If you want to bring financial/accounting expertise to your board, here are three qualities to look for when you start your search:
- Passion and energy toward the nonprofit and what you are trying to accomplish. It is difficult to find someone with all the right accounting/financial qualifications, but if someone is passionate enough about the organization, he or she can research and learn.
- Technically proficient financial skills and the ability to communicate. Look for someone who can help others who do not know their way around a financial statement or other financial documents.
- Experience working with nonprofits. Even if you have difficulty finding someone with direct financial/accounting experience, anyone who has worked with nonprofit organizations can usually bring valuable experience to your board. If that nonprofit experience was with a quality organization, it more than likely includes a basic understanding of nonprofit financial issues—experience that can be shared with others.

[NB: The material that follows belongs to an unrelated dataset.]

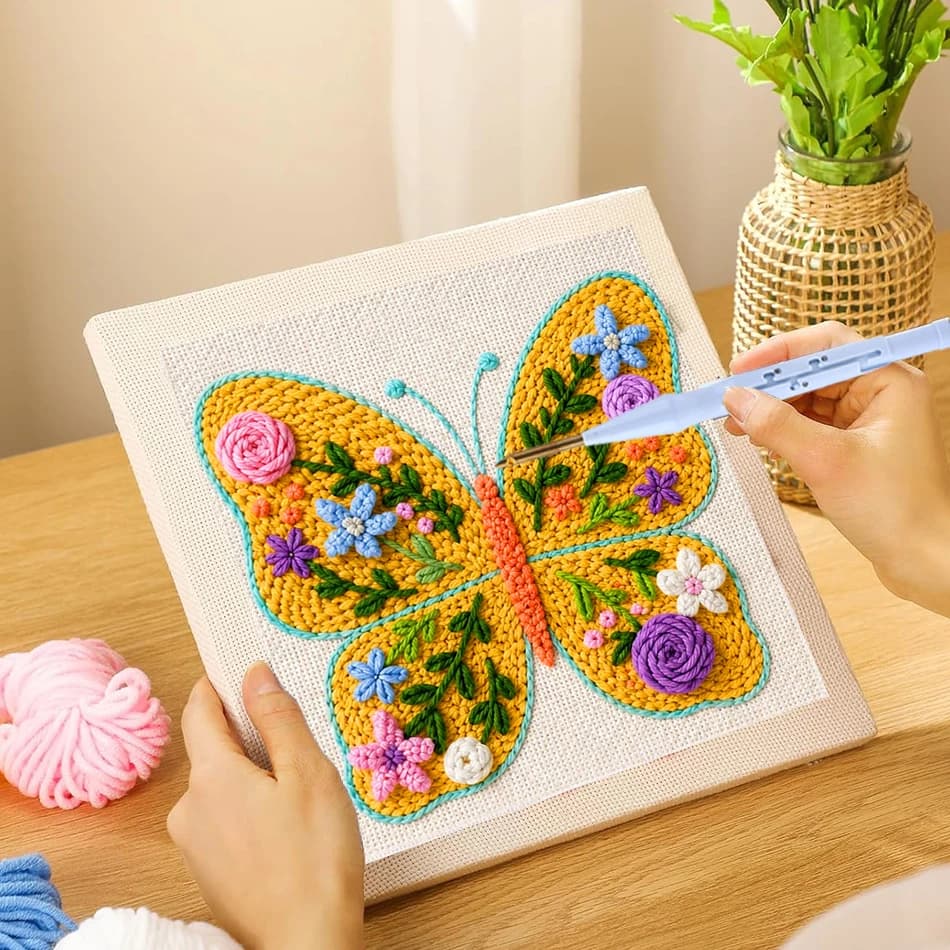 Punch Needle Kit with Frame for Adults Beginners Punch Needle Embroidery Starter Kits With Pattern Threader Yarns Rug Punch DIY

Should you consider being more specific and narrowing your search to a CPA? There are advantages. Because CPAs can lose their licenses if convicted of fraud, felony, professional malpractice or ethic violations, your organization would have another layer of protection with a licensed CPA on your board. On the other hand, you limit yourself from broader choices. Financial planners, investment professionals, bookkeepers and others with financial/accounting experience can bring many of the same values to your board and give you a wider pool of candidates to choose from—even though they all don’t carry the license of a CPA.
It’s also a good idea to make it clear to new candidates that you want your board to do more than simple financial oversight. Bringing financial literacy to your board can take you a step further, helping you chart a realistic course to your future, and build the financial model to get you there.